Class overview
- Name: Marlin SİDA
- Builders: Sefine Shipyard
- Operators: Turkish Navy

History

Turkish NavyTurkey
- Name: TCB Marlin USCV
- Commissioned: 19 January 2024

General characteristics Marlin SİDA
- Type: Unmanned surface vehicle
- Displacement: 21 long tons (21 t)
- Length: 15 m (49 ft)
- Beam: 3.85 m (12.6 ft)
- Speed: 35 kn (65 km/h; 40 mph)
- Range: 1,000 nmi (1,900 km; 1,200 mi)
- Electronic warfare & decoys: Electronic warfare support system; Sonobuoy;
- Armament: 12.7 mm Remote controlled weapon station; Long range guided missiles; Light torpedo;

= TCB Marlin USCV =

Turkish unmanned combat surface vessel

TCB Marlin USCV (TCB-1101) (Marlin Silahlı İnsansız Deniz Aracı, Marlin SİDA) is an unmanned combat surface vessel (UCSV) of the Turkish Naval Forces, commissioned in January 2024.
== History ==
The UCSV was designed by the Defence Industry Agency of the Ministry of Defense, and built in the Sefine Shipyard at Altınova, Yalova Province in cooperation with the state-owned defence systems company Aselsan for the Turkish Naval Forces.

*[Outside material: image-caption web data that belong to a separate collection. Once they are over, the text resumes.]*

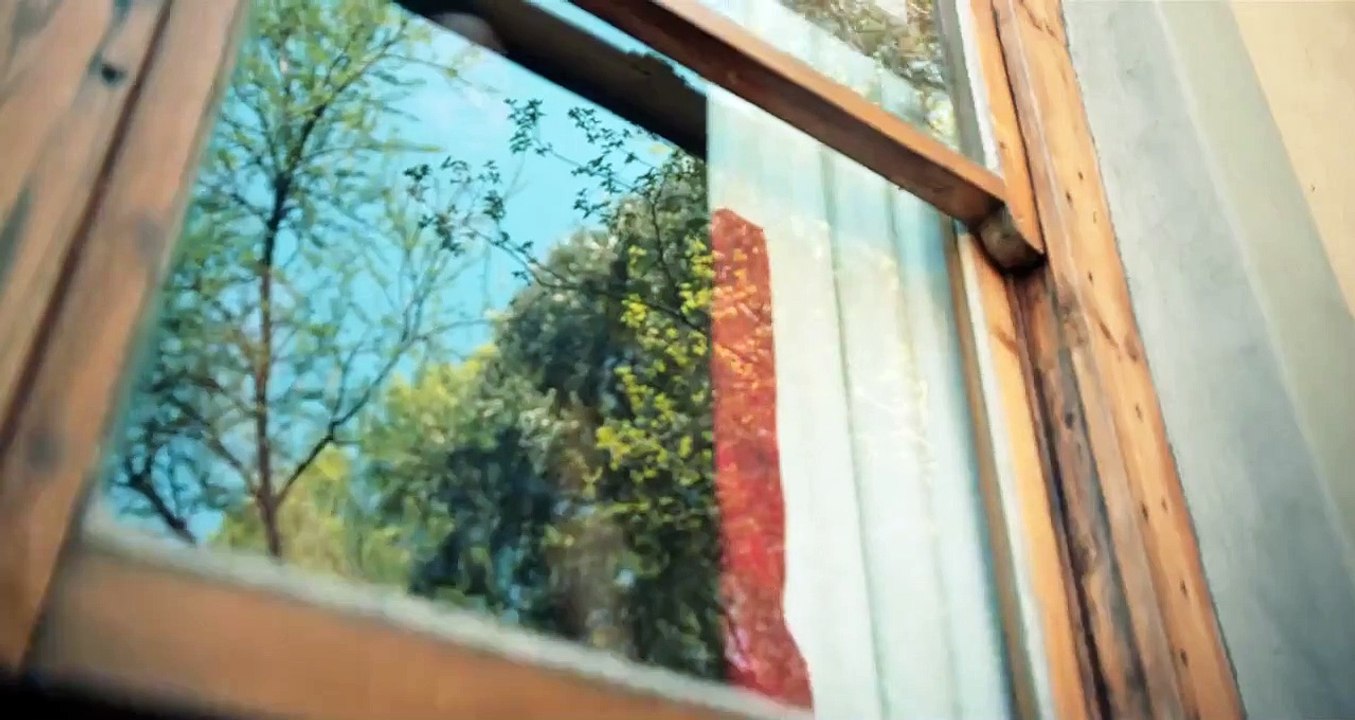 Shadow - Se1 - Ep07 - There's Something in the House HD Watch HD Deutsch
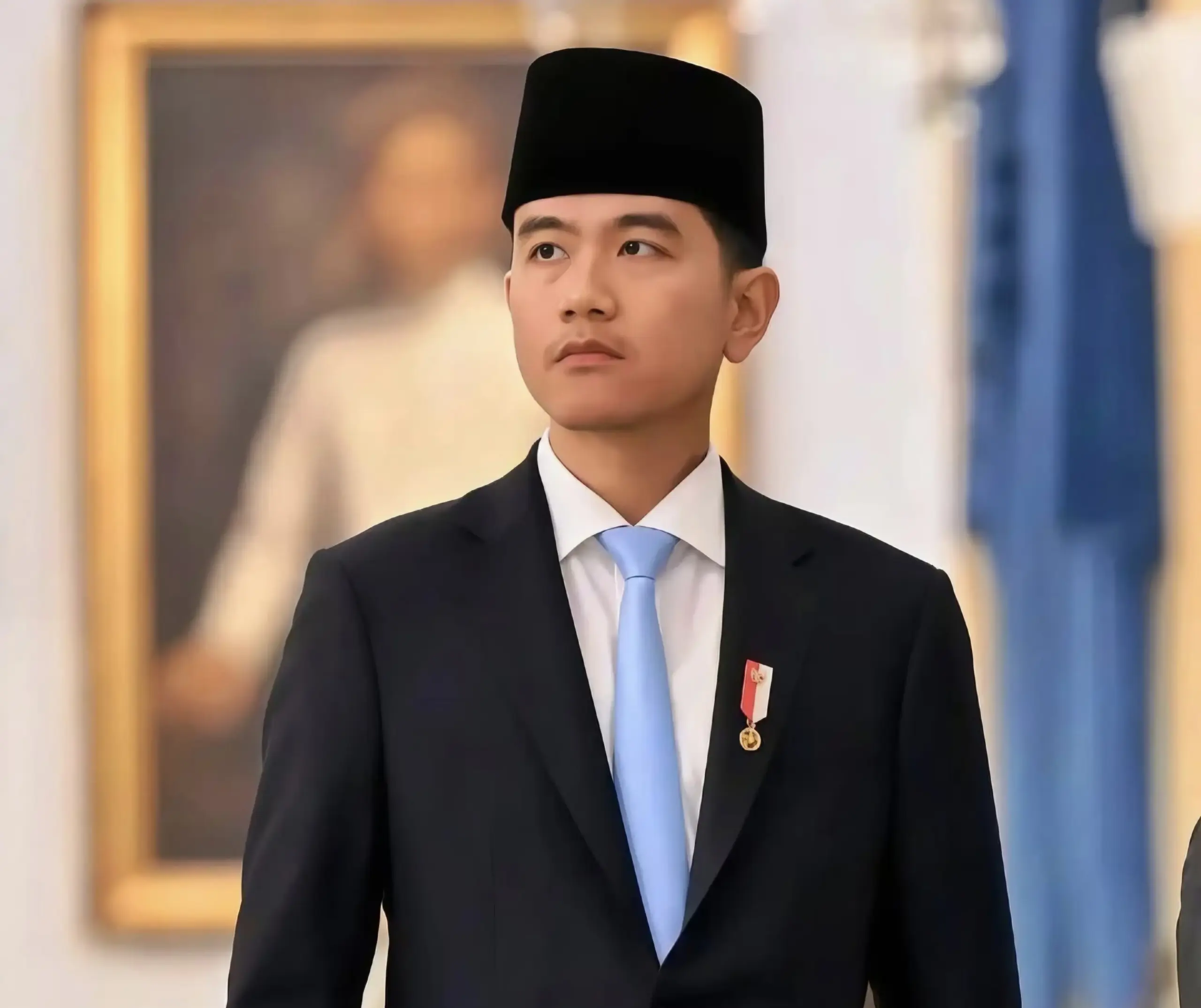 Wakil Presiden Gibran Rakabuming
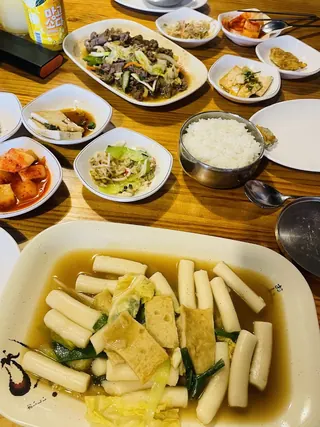 Restaurant Seoul image 5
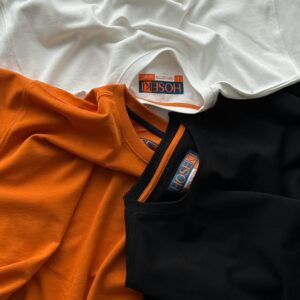 Heavy Weight Cotton T-Shirt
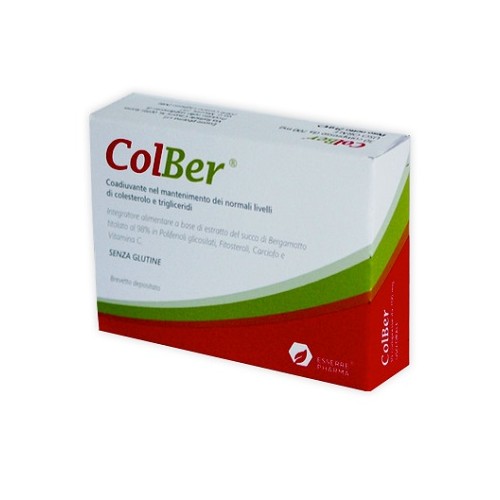 COLBER 30CPR FILMATE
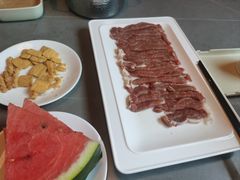-君邦火锅(新疆大厦店)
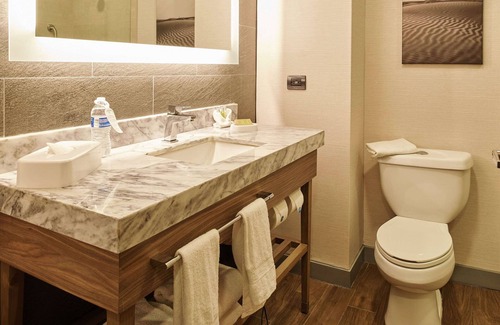 Juarez Municipality Hotel | Hampton Inn by Hilton Ciudad Juárez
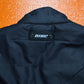 Nike Fall 2001 Black Blue Grey Padded Panelled Gilet / Vest (~S~)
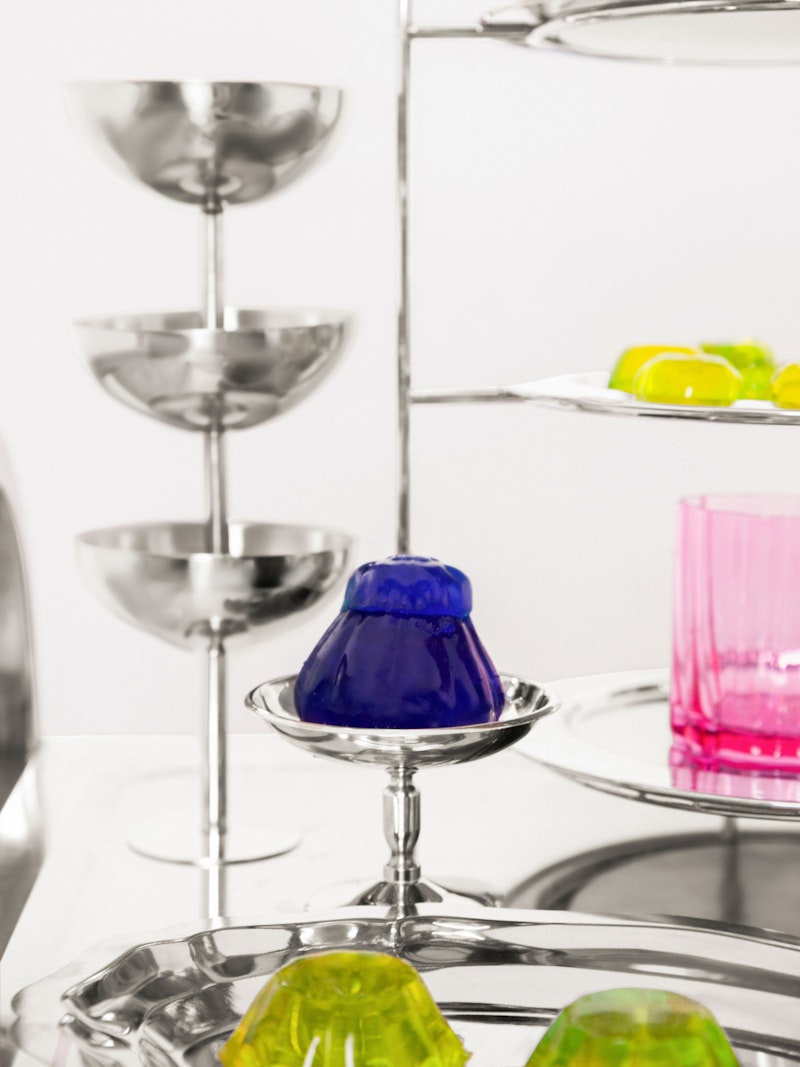 Креманка №3 Не Все Золото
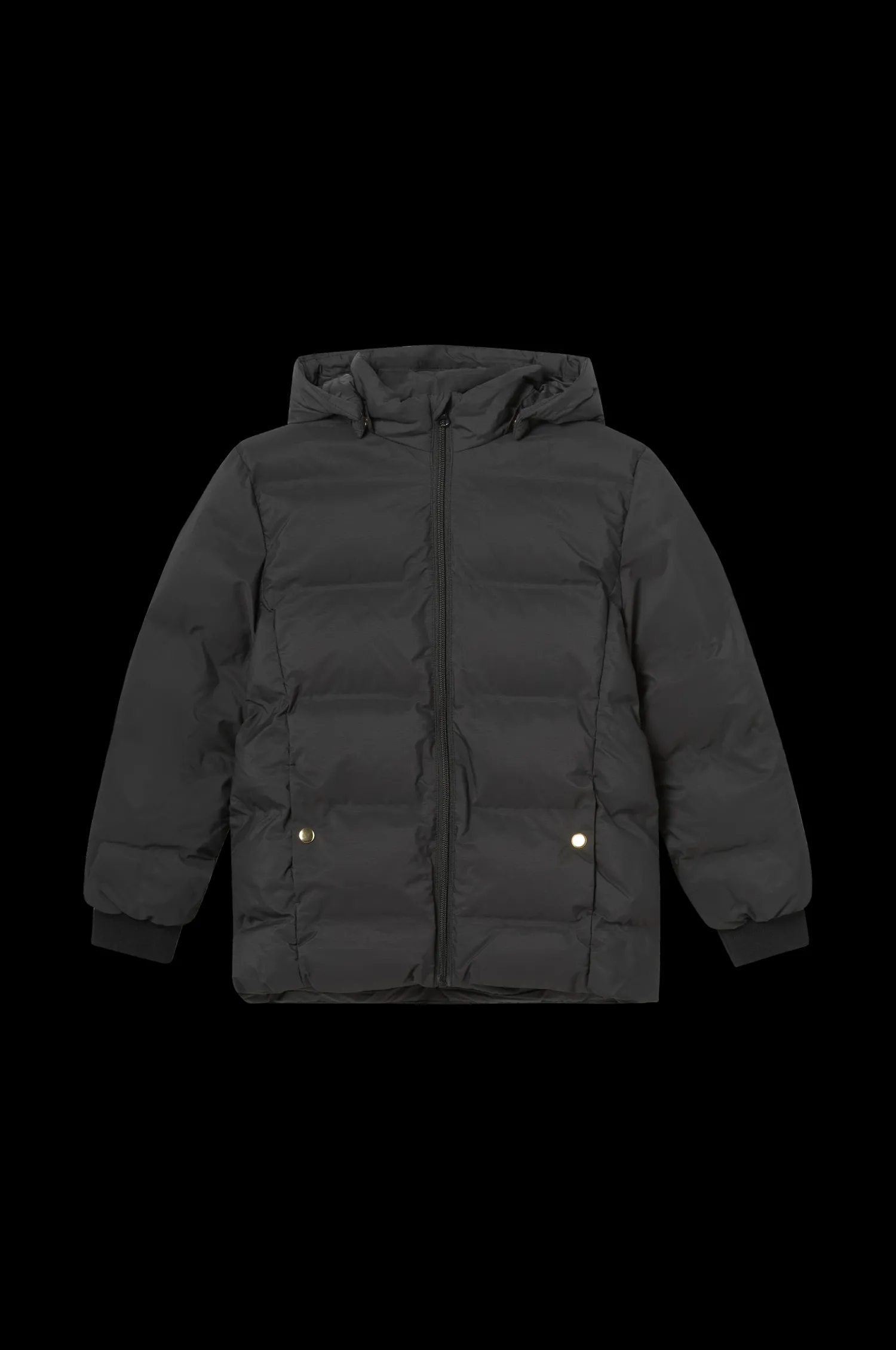 Name it Jacka Nkfmellow Puffer Jacket Tb Cheap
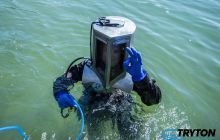 Zdjęcia z RetroNurków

Marlin USCV took part at the "NATO Dynamic Messenger 2022" Exercise held at Tróia Peninsula, Portugal, and displayed her electronic warfare abilities.

On 6 January 2023, a solid-propellant rocket-powered missile Kuzgun-KY, developed by TÜBİTAK-SAGE, was test fired from the UCSV.

At a ceremony held on 9 January 2024, she entered service in the Turkish Naval Forces as the first unmanned surface vessel with the hull number TCB-1101 and name Marlin.

== Characteristics ==
The vessel features autonomous navigation capability and high maneuverability. She is 15 m long, has a beam of 3.85 m, a displacement tonnage of 21 LT and payload capacity of 4 LT. She can cruise at a speed up to 35 knot within a range of 1000 nmi with an endurance of 72 hours. The vessel is powered by two Diesel engines. She features dynamic positioning system KARETTA, anti-jam system GNSS and active stabilization system. She is armed with a 12.7 mm remote controlled weapon station, long range guided missiles, light torpedo, and is equipped with Electronic warfare support system, Armelsan Dipping Sonar - Orkun 2053, Armelsan Diver Detection Sonar - Aras 2023 and Sonobuoy.

== Variants ==
Two specialized variants of the Marlin USV have been developed: the Marlin 100 ASW for anti-submarine warfare (ASW) missions and the Marlin 100 EW for electronic warfare (EW) missions. Both are based on the same modular 15-metre platform and feature autonomous navigation capabilities, multiple communication links, speeds exceeding 35 knots, and an endurance of up to 72 hours. The variants differ primarily in their mission payloads, with the ASW variant designed to accommodate sonar systems and related ASW equipment, while the EW variant integrates electronic support and electronic attack systems.